Van groot naar klein
Ieder boek vraagt om zijn eigen leestempo. De twee indrukwekkendste boeken die ik de laatste tijd las, heb ik respectievelijk in drie maanden en in één zitting verslonden. De eerste was East of Eden van John Steinbeck, een Amerikaanse klassieker van ruim zevenhonderd pagina’s. Het verweeft grote beschouwingen over de tijdgeest en de mensheid met een heel persoonlijk familieverhaal over twee broers in het Californië van begin 1900. Het soort roman waarvan je op pagina 350 denkt: O nee, ik ben al op de helft!

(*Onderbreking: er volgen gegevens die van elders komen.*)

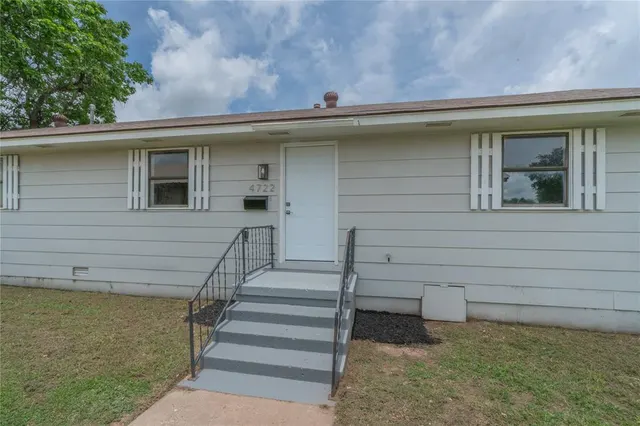 Front exterior — 4720 S Youngs Boulevard, Oklahoma City, OK 73119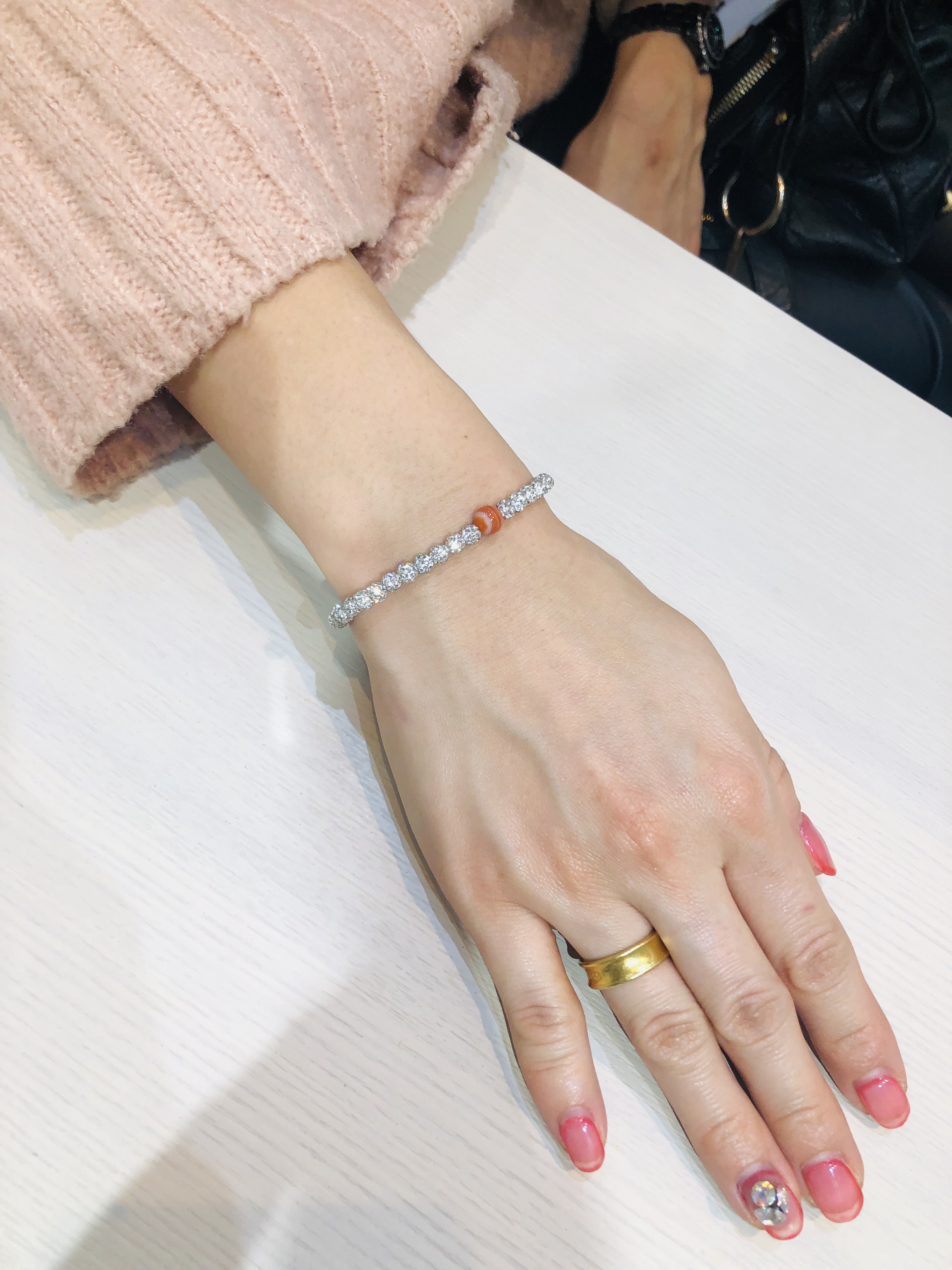 8月誕生石入りホワイトbracelet✨ありがとうございました🙇‍♂️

Het boek dat ik in één dag uitlas, was De trooster van Esther Gerritsen. Waar East of Eden generaties overspant, beslaat deze roman een korte periode uit het leven van één personage: Jacob, een conciërge in een klooster die een afgezonderd leven leidt. Gerritsen werkt één gekristalliseerd idee uit, zonder een woord te veel te gebruiken. En toch gaan beide boeken over hetzelfde grote thema: goed en kwaad. Waar Steinbeck de broers Cal en Aaron hun versie van het verhaal van Kaïn en Abel laat uitspelen, neemt Jacob in De trooster zowel de rol van Jezus als Judas op zich. Twee boeken, hoe verschillend ook in leesduur, die je nog lang bijblijven.